I couldn’t think. I could only feel the way his hands glided over my stomach and down my legs. Emotions caught up and tangled in my throat as he helped me out of my shirt and trousers, leaving only a thin silk camisole and leggings beneath. I shivered in the cool air.

“Is this all right?” he whispered. “If you don’t want to, that’s okay.”

“I want to.” I sat up and stretched to pull his shirt over his head. In the dim room, his skin was dark and I couldn’t see the burns, just shadows and planes of muscle that shifted beneath my hands. “I’ve loved you my entire life. From the moment I first heard music, to when I saw your name inside a book, to the night you saved me from the water. No one has ever made me feel like you do: like I’m wanted; like I matter.”

He kissed me, long and beautiful and desperate, and he didn’t resist when I pulled him down on top of me, trying to draw him impossibly close.

But our lives were made of impossible things. I’d known him at the masquerade. We’d danced as though we’d been dancing for years and centuries and millennia. And when we’d kissed for the first time, we’d become a song with one breath, one voice, and infinite melodies. It was music, the way he touched me, the way our bodies fit together.

He caressed my ribs and hips and legs, then kissed trails of fire down my throat. The heat of his body over mine made me yearn for something deeper, but I let him set our pace as he kissed me, hungry and desperate, firm and fierce, and gentle as though I was the most precious thing in the world to him.

He drew off my camisole, making my whole body hum with anticipation and desire. The last of our clothes dropped to the floor with a soft whumph.

My heart filled up as he showed me a thousand ways he loved me, and in these glorious moments of peace, there was no fear or mourning or despair. There was only this boy. This body entwined with mine. This soul I’d always known.

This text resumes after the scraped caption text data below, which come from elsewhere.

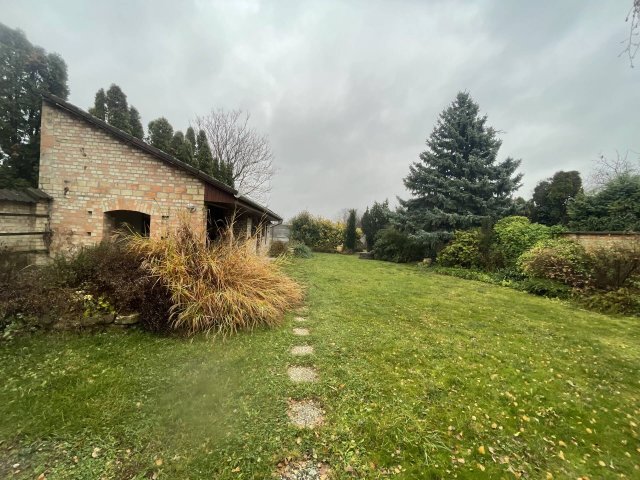 Eladó családi ház, Tatán 147 M Ft, 3+4 szobás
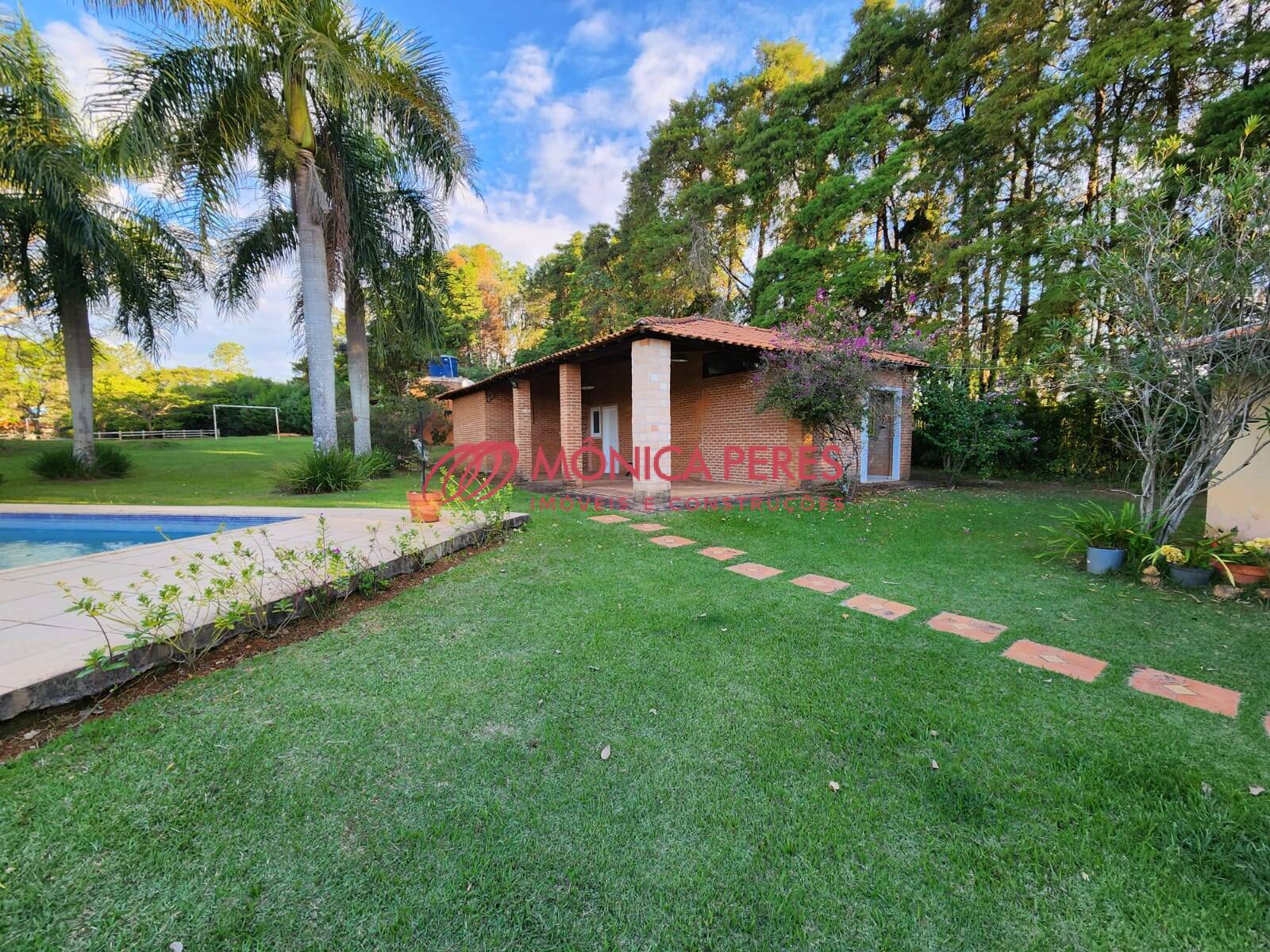 Casa à venda com 6 quartos, 380m² - Foto 37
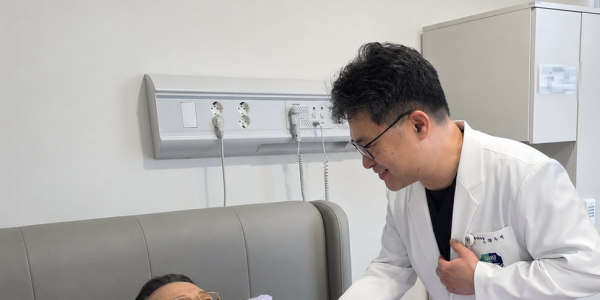 대구한의대한방병원, 어버이날 ‘카네이션 꽃 키링’ 전달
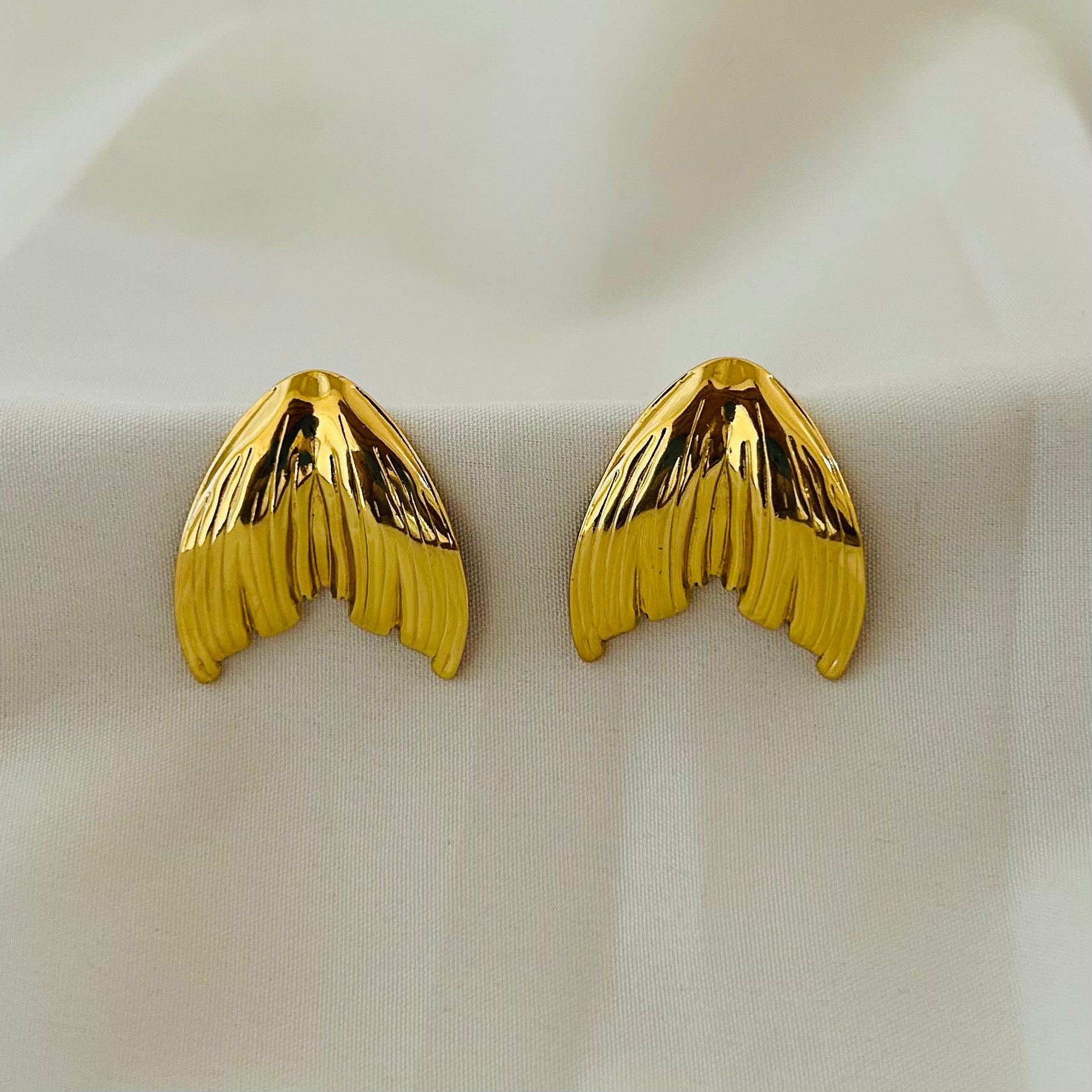 Golden Wave Sculpted Earrings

Questions hovered in the gasp-filled inches between us, but I was too dizzy to think. I touched his face, his hair, smoothed back the black strands while I waited for him to say something. If we should say anything. A thread of awkwardness coiled inside me as the waiting grew longer.

Sam kissed me again, and in the dimness, he looked my age. Really my age, not the illusion of reincarnation. He looked like I felt: excited and hopeful, a little nervous. “I hope that was—”

“Wonderful.” Did I speak too quickly? My voice was high and giddy. I hardly sounded like myself. “It was wonderful.”